(Data for processing)

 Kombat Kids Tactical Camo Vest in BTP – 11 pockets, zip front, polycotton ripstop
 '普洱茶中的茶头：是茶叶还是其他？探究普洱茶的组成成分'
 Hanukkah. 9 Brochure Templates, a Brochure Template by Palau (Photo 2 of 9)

(End Data for processing)
(Data for processing)

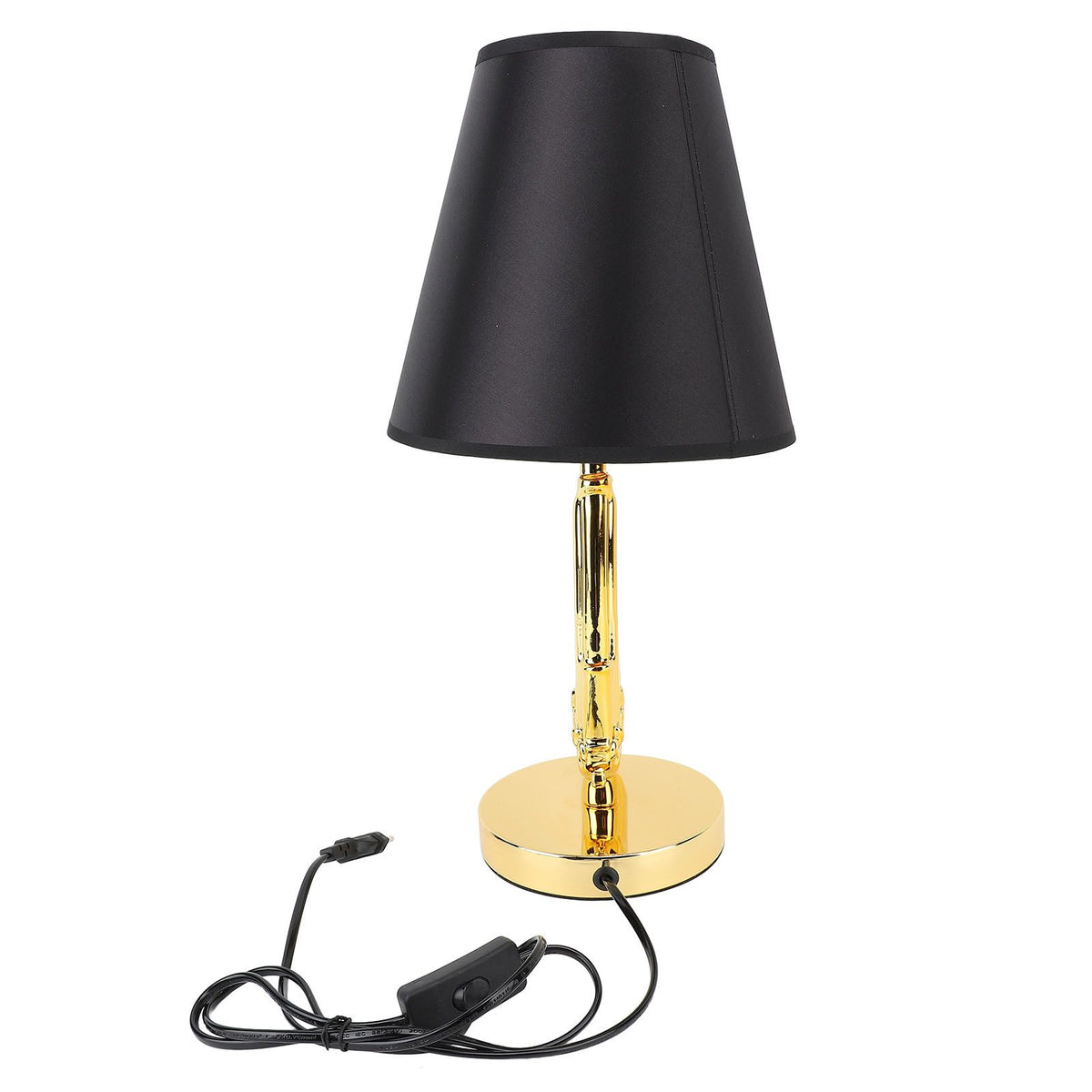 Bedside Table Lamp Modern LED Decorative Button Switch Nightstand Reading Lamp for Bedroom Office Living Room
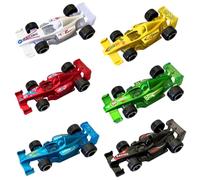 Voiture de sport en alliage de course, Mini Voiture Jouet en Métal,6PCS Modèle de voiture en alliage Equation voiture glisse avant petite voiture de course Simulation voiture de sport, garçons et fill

(End Data for processing)
(Data for processing)

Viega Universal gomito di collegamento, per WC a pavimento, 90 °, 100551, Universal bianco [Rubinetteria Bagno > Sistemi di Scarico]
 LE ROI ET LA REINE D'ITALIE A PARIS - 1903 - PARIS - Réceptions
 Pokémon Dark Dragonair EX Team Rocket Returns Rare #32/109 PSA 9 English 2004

(End Data for processing)

▶ _Exercise goal_
Retype only the stretch of lines above starting at the one with "Viega Universal gomito" and stopping at the one with "Pokémon Dark Dragonair", exactly as written, with both kept.

▶ _Exercise answer_
Viega Universal gomito di collegamento, per WC a pavimento, 90 °, 100551, Universal bianco [Rubinetteria Bagno > Sistemi di Scarico]
 LE ROI ET LA REINE D'ITALIE A PARIS - 1903 - PARIS - Réceptions
 Pokémon Dark Dragonair EX Team Rocket Returns Rare #32/109 PSA 9 English 2004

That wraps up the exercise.